Ok, I used RabbitMQ 3.6.14 with Erlang 20.1 initially to make sure that in my current machine the problem was still occurring.
After confirming that, I compiled the version in your main-20 branch, and restarted RabbitMQ.

Having confirmed that the version of Erlang reported was now 20.3.6, I sent a couple of messages like before.
Unfortunately, after a couple of seconds the RabbitMQ management interface reported a Network partition,
 and I confirmed with netstat the same problem as before:
{code}
Active Internet connections (servers and established)
Proto Recv-Q Send-Q Local Address               Foreign Address             State   PID/Program name
tcp   761444 374672 172.17.0.4:50277            172.17.0.3:25672            ESTABLISHED 26323/beam.smp
{code}
The TCP queues are stuck for _beam.smp_ and will stay like that indefinitely...

It gets stuck in the same places as before (somewhat):
{code}
2018-06-04 19:16:41 [{pid,<11297.88.0>},
                     {registered_name,[]},
                     {current_stacktrace,
                         [{gen,do_call,4,[{file,"gen.erl"},{line,169}]},
                          {gen_statem,call_dirty,4,
                              [{file,"gen_statem.erl"},{line,591}]},
                          {ssl_connection,call,2,
                              [{file,"ssl_connection.erl"},{line,1966}]},
                          {ssl_tls_dist_proxy,loop_conn,2,
                              [{file,"ssl_tls_dist_proxy.erl"},{line,364}]}]},
                     {initial_call,{erlang,apply,2}},
                     {message_queue_len,12},
                     {links,[#Port<11297.3914>,<11297.51.0>]},
                     {monitors,[{process,<11297.90.0>}]},
                     {monitored_by,[<11297.90.0>]},
                     {heap_size,233}]
2018-06-04 19:16:41 [{pid,<11297.90.0>},
                     {registered_name,[]},
                     {current_stacktrace,
                         [{prim_inet,send,3,[]},
                          {tls_socket,send,4,
                              [{file,"tls_socket.erl"},{line,48}]},
                          {tls_connection,send_application_data,5,
                              [{file,"tls_connection.erl"},{line,383}]},
                          {ssl_connection,write_application_data,3,
                              [{file,"ssl_connection.erl"},{line,392}]},
                          {ssl_connection,connection,4,
                              [{file,"ssl_connection.erl"},{line,925}]},
                          {gen_statem,call_state_function,5,
                              [{file,"gen_statem.erl"},{line,1633}]},
                          {gen_statem,loop_event_state_function,6,
                              [{file,"gen_statem.erl"},{line,1023}]},
                          {tls_connection,init,1,
                              [{file,"tls_connection.erl"},{line,119}]}]},
                     {initial_call,{proc_lib,init_p,5}},
                     {message_queue_len,35728},
                     {links,[<11297.53.0>,#Port<11297.3682>]},
                     {monitors,[{process,<11297.88.0>}]},
                     {monitored_by,[<11297.88.0>]},
                     {heap_size,514838}]
{code}

Tell me if you need more information....

OTP-Maintainer commented 6 years ago

ingela said:

Humm ... I did not know it was the erlang distribution over TLS you where using. Alas I think this patch will not be enough for the distribution in OTP 20. I think it will work in OTP 21 when the distribution is rewritten. But in 20 it is more complicated with more sockets involved that may be the underlying cause of the problem.

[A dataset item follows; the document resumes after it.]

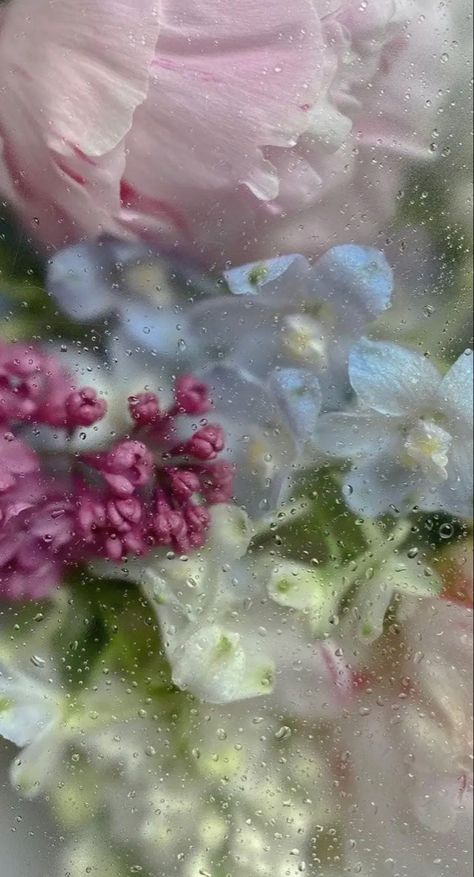 This image is a close-up of some beautiful pink flowers, with water droplets glistening on their delicate petals. The dominant color in the foreground and background is a soft grey, creating a serene and calming atmosphere. The colors are accented by a deep burgundy shade, adding depth to the composition. According to the tags provided, these flowers are most likely nature's creation. Modern Ranch House Exterior, Small Ranch House, Pink Geometric Wallpaper, House Exterior Ideas, Wet Flowers, Modern Ranch House, Ranch House Designs, Ranch House Exterior, Chinese Wallpaper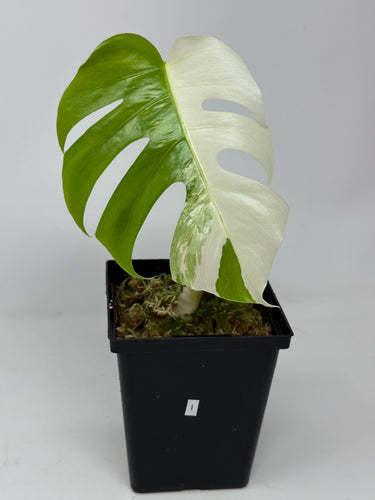 Monstera Deliciosa Albo Variegated I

OTP-Maintainer commented 6 years ago

ingela said:

After trying to write a test case for this, I alas think that  my proposed solution will not work. So we will not include it for 21. Of course we will continue trying to find a real solution to this problem.

OTP-Maintainer commented 6 years ago

jmf_erl said:

Thanks for checking this issue, I've been doing some testing around it too.

First of all, I checked the possibility of using your patch on version 21, but it seems it isn't supported yet by RabbitMQ and some libraries it requires.

I also created a test replicating the problematic scenario:
* 4 RabbitMQ servers, 2 on each of 2 datacenters, all connections configured with TLS encryption (all servers in Docker containers);
* 5 publishers in each datacenter, each publisher will send 10 messages (a big one with 5MB + 9 with 100KB);
* each publisher sends the messages with 1 second interval; all publishers work independently (we can have 10 messages being sent simultaneously).
If you need more information for your own testing, I can provide you the details.
The versions used were RabbitMQ 3.6.14 and Erlang 20.3.7.
This test was used to compare Erlang with and without the patch I mentioned in the description for this issue (from Basho, which they used in Riak).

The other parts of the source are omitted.